The College of the Holy Spirit Manila, or simply CHSM, was a private, Catholic education institution founded and ran by the Missionary Sisters Servants of the Holy Spirit in Manila, Philippines.
Founded in 1913, College of the Holy Spirit Manila was established originally as Holy Ghost College through the invitation of then Manila Archbishop Jeremias Harty. Located initially on Legarda Street, the campus later moved along Mendiola Street, inside the Malacañang Palace Complex. It is one of the schools which comprises the Mendiola Consortium (MC) for academic cooperation along with Centro Escolar University Manila, La Consolacion College Manila, San Beda College Manila, and St. Jude Catholic School.

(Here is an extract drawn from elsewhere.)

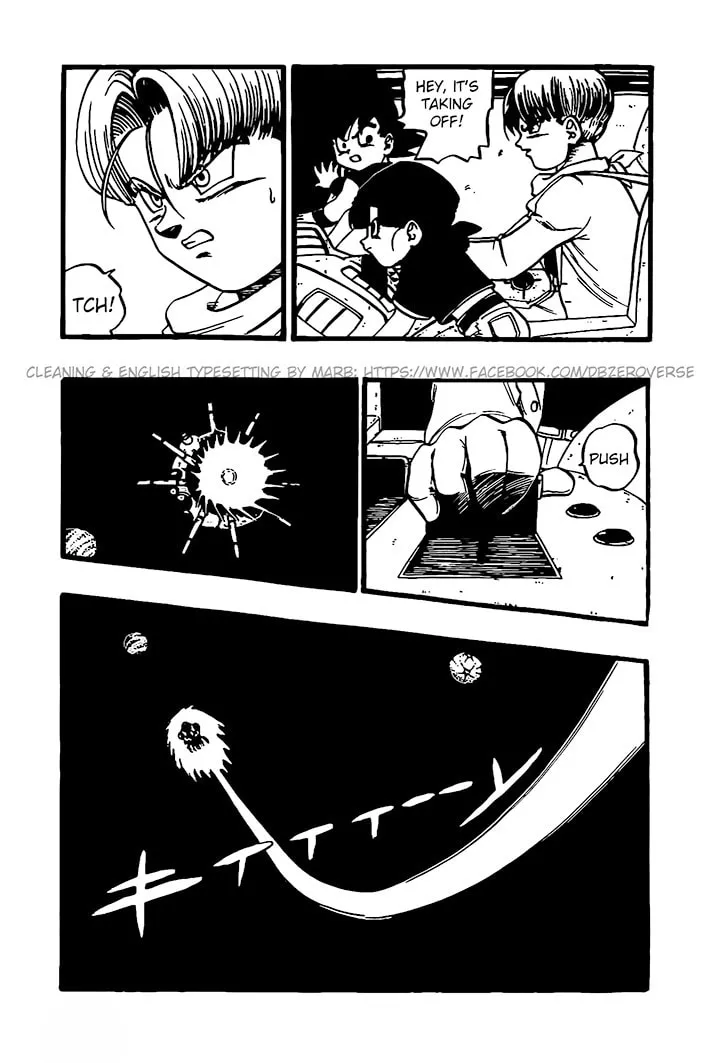 Dragon Ball GT Chapter 25 page 7 -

Initially the school admitted only girls but in 2005 started admitting male students for the high school department and the following year for the college department when the Nursing program decided to accept male students.

In 1957, College of the Holy Spirit Manila became one of the founding charter member of the Philippine Accrediting Association of Schools, Colleges and Universities (PAASCU) to ensure the quality of education. Since then, the college undergoes voluntary accreditation. And the last March 6–7, 2013 the college was re-accredited. CHSM was granted Level III re-accreditation status for arts, sciences and business programs by PAASCU with five years validity until 2018, which deviates to the normal three-year validity.

The school ceased operations in April 2022, citing challenges faced by private education exacerbated by the COVID-19 pandemic.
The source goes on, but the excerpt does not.